Tactile music player with gesture control interface [video] - jheitzeb
http://www.hackthings.com/tactile-music-player-with-gesture-interface/

======
GuiA
Awesome concept+execution! Funnily enough, I did exactly the same thing when I
was a grad student studying tangible interaction 2-3 years ago.

My advisor loved the idea of foreign objects (a kenyan sculpture, a japanese
wood block carving, etc.) being imbued with local music (in his own words:
"computationally-mediated arts and crafts, rooted in the traditions and
material expressions of specific regions and cultures").

Sadly, my code forever remained buried deep on our SVN repo, and not even a
paper came out of it.

Congrats to the author for doing something that I didn't do- actually putting
your work out there! :)

------
devindotcom
This is cool - but I think it doesn't scale in the real world.
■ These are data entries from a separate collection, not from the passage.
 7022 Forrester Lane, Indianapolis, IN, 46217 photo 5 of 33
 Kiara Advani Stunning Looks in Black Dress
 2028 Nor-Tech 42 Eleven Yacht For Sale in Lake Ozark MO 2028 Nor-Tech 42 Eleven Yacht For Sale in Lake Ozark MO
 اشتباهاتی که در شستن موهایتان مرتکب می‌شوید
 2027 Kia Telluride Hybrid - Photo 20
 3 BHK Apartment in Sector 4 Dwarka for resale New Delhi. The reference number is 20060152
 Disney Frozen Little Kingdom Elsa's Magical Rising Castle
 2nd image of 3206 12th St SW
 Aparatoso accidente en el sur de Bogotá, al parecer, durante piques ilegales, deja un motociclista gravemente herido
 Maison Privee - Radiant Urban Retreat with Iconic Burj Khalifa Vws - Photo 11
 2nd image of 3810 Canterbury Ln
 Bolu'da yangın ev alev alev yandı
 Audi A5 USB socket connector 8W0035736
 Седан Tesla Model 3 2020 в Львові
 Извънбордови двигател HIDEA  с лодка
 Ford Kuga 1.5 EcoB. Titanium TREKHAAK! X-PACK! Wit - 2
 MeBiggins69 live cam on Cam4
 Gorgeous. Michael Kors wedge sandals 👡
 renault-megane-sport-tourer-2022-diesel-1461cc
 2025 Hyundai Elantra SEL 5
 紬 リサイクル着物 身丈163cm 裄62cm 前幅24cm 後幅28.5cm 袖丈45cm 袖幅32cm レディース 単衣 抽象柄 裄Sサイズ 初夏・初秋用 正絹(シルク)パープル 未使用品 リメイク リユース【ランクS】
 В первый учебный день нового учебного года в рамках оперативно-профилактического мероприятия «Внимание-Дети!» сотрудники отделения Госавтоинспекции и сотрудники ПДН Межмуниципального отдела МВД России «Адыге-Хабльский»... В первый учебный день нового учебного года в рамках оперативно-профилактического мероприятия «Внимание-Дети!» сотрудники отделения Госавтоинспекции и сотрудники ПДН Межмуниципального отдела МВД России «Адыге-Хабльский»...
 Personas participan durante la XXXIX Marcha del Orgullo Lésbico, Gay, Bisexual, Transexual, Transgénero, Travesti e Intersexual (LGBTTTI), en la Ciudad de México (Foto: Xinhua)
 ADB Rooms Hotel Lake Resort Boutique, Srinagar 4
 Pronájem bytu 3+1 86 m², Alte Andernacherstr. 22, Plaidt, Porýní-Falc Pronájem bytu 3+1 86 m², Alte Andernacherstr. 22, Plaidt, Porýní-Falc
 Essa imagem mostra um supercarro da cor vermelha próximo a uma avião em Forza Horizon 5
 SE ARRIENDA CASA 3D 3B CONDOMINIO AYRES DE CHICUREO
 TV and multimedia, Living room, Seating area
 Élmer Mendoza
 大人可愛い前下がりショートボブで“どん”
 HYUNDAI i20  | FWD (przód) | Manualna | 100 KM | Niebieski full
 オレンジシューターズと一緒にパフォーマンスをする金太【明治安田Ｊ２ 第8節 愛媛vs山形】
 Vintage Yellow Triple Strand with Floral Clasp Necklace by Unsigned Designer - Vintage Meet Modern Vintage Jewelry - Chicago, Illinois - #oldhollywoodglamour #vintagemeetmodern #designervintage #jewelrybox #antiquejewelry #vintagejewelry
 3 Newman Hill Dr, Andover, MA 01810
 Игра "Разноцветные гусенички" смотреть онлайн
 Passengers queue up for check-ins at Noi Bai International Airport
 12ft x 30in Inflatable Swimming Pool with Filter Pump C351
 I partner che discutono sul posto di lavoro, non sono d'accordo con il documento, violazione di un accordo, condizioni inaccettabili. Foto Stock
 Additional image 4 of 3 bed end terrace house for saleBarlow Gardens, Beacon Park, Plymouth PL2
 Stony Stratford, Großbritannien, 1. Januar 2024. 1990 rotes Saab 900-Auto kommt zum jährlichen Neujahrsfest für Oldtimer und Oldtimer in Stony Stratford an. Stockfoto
If I've got,
say, two thousand albums, well damn, all of a sudden having them all over the
place on platters doesn't sound so good. The nice thing about vinyl is, while
it takes up space, _it is the music itself_ and has value other than as a
pointer. Really neat little project, though.

------
junto
The "next track" gesture confused me slightly. It looked like he went
backwards, then I realised he was swiping the current one away like the iPod
player.

Nice idea though.

------
simba-hiiipower
this is really cool. not sure about its practicality but i don't particularly
care.

would love to see this built-out to where i could take any album in my
(digital) collection and add it to the experience.

has a very retro yet futuristic feel to it and i totally dig it.